Exercise details —
With pictures omitted, copy exactly every line from the one that contains "Angel Glass Beaded" to the end of the listing below.

Dataset entries —
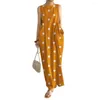Casual Dresses Summer Loose Dress Stylish Women's Maxi With Dot Print Sleeveless Design stora fickor för stranddagar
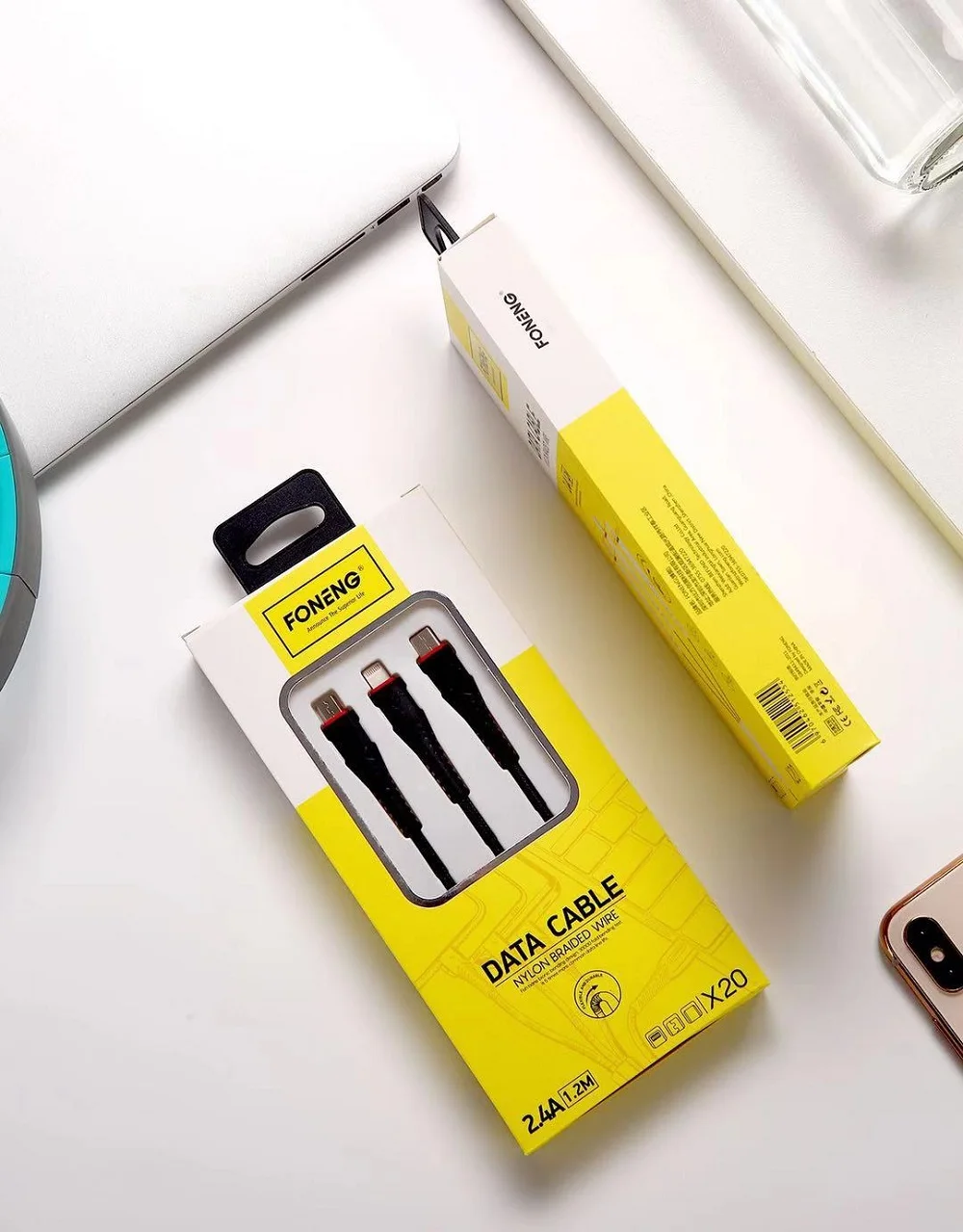 Usb-кабель Foneng для iPhone X Xs Max 7 8Plus 2.4A Быстрая зарядка Micro USB/type-C для кабеля для samsung Xiaomi Applle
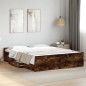 vidaXL Cama con cajones madera de ingeniería roble ahumado 160x200 cm vidaXL Cama con cajones madera de ingeniería roble ahumado 160x200 cm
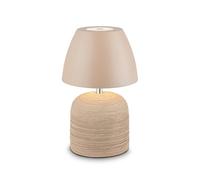 BRILONER - Lampe de table sans fil LED IP44 avec fonction tactile, dimmable, pied en céramique, chevet, salon à poser, bureau, 13,5x22 cm, beige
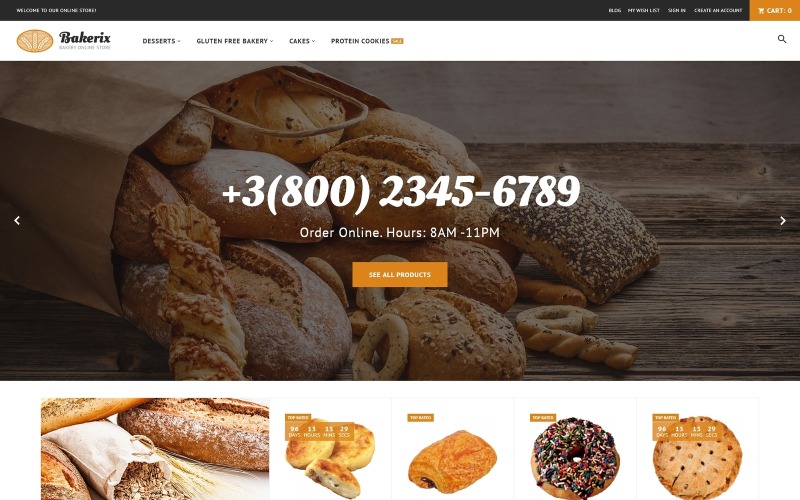 хлебобулочные изделия и торты отзывчивая тема magento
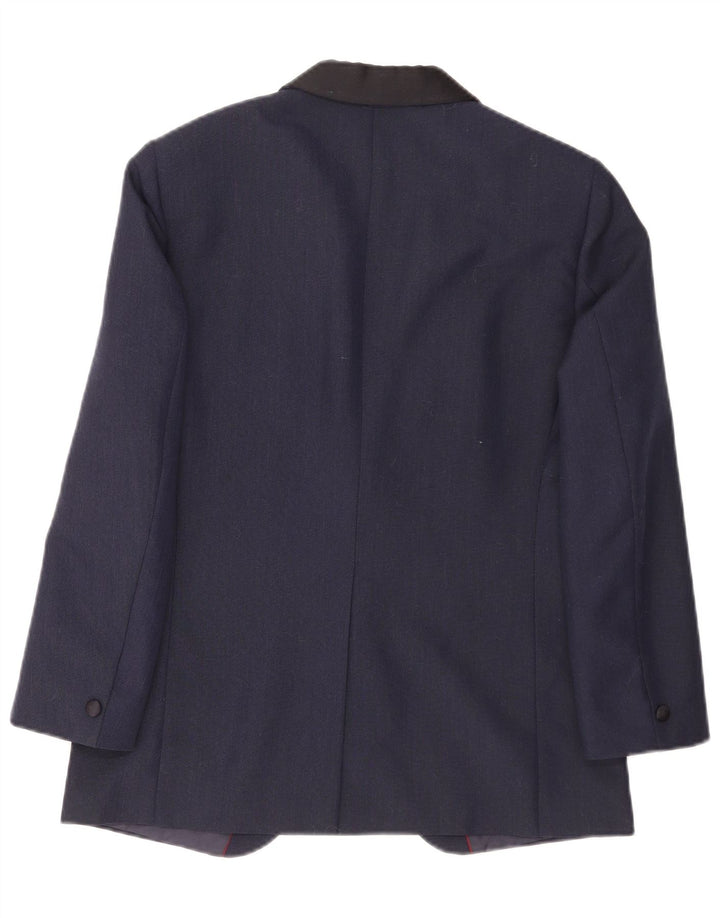 Giacca blazer da uomo a 1 bottone Kruunu UK 36 piccola in lana color block blu navy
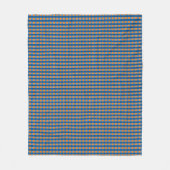 Blauw en oranje Gingham Pattern Fleece Deken (Voorkant)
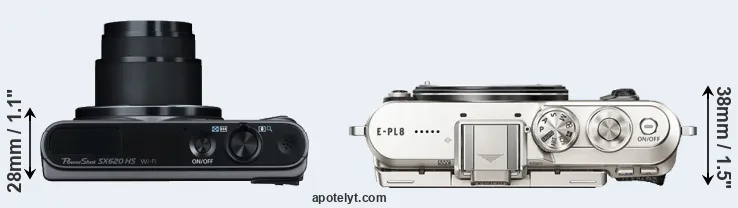Compare SX620 versus E-PL8 top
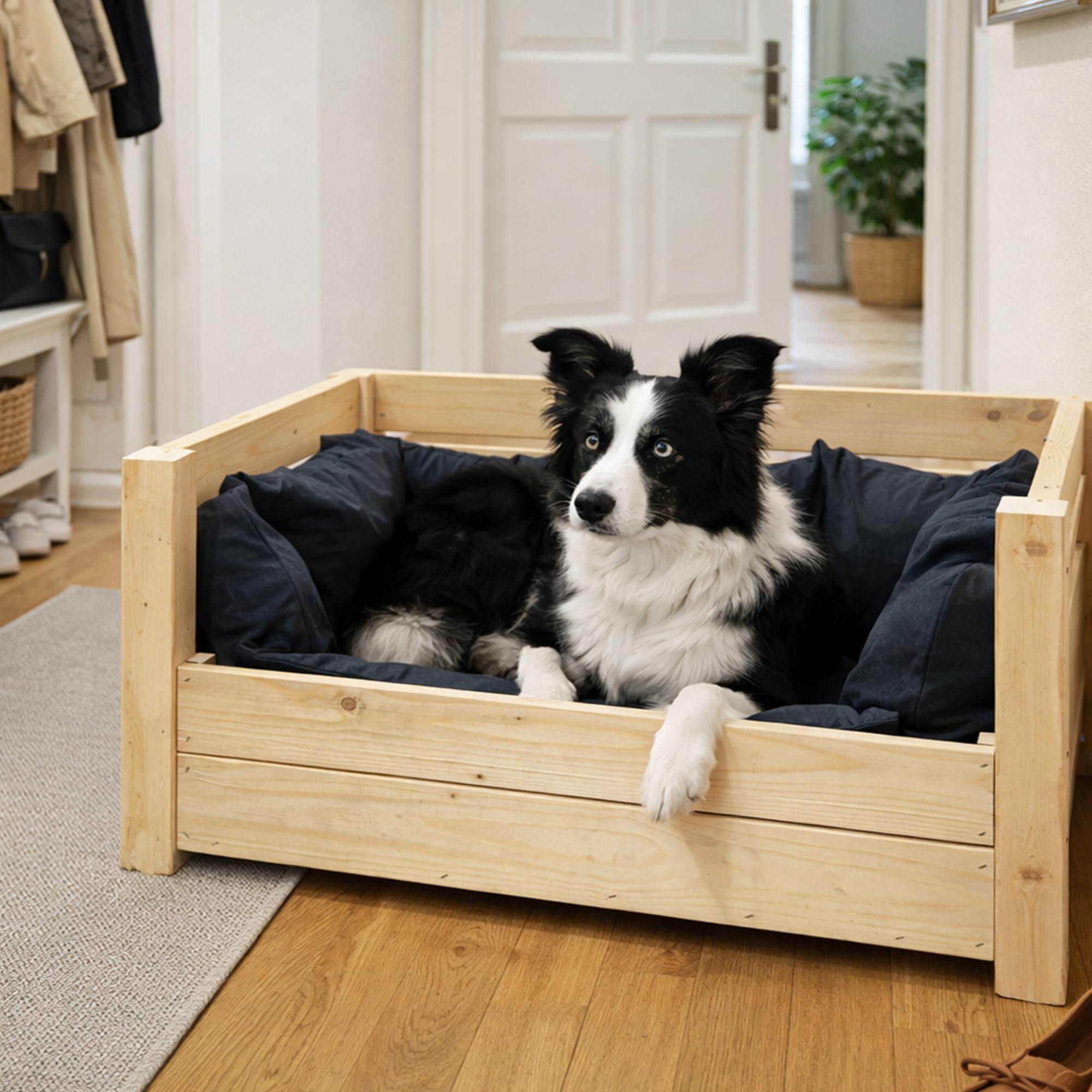 Kistenkolli Altes Land Hundebett Charly aus Massivholz 90 x 57 x 45 cm – Hundesofa aus Holz – Natur, Braun oder Geflammt – Optional mit Hundekissen – Stabil & einfache Selbstmontage (Natur)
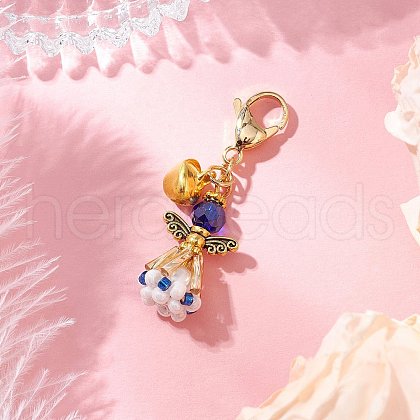 Angel Glass Beaded & Alloy Pendant Decorations HJEW-MZ00193-01-1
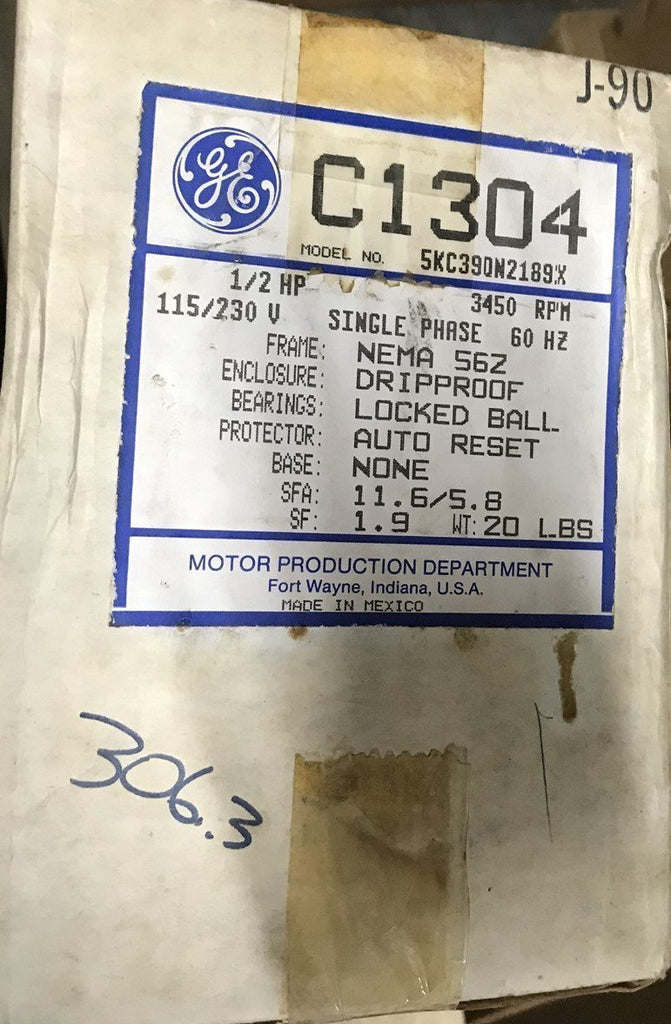 GENERAL ELECTRIC C1304 MOTOR 1/2HP 115/230V 60HZ 56Z NEMA 3450RPM SINGLE PHASE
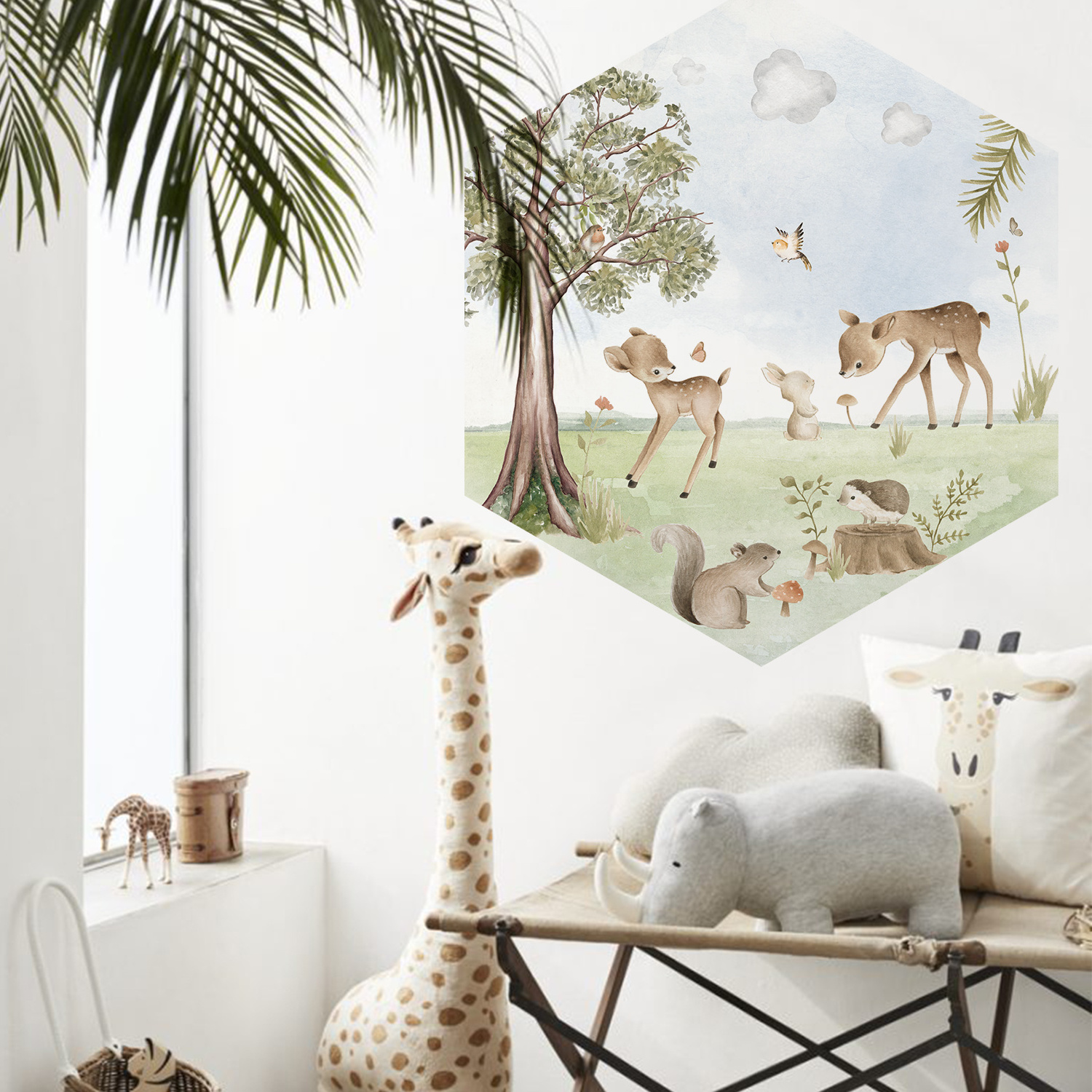 Funlife Hexagon Shape Deer Hare With Birds Spring Woodland Wall Sticker for Nuersery Room Home Interior Decor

Written solution —
 Angel Glass Beaded & Alloy Pendant Decorations HJEW-MZ00193-01-1
 GENERAL ELECTRIC C1304 MOTOR 1/2HP 115/230V 60HZ 56Z NEMA 3450RPM SINGLE PHASE
 Funlife Hexagon Shape Deer Hare With Birds Spring Woodland Wall Sticker for Nuersery Room Home Interior Decor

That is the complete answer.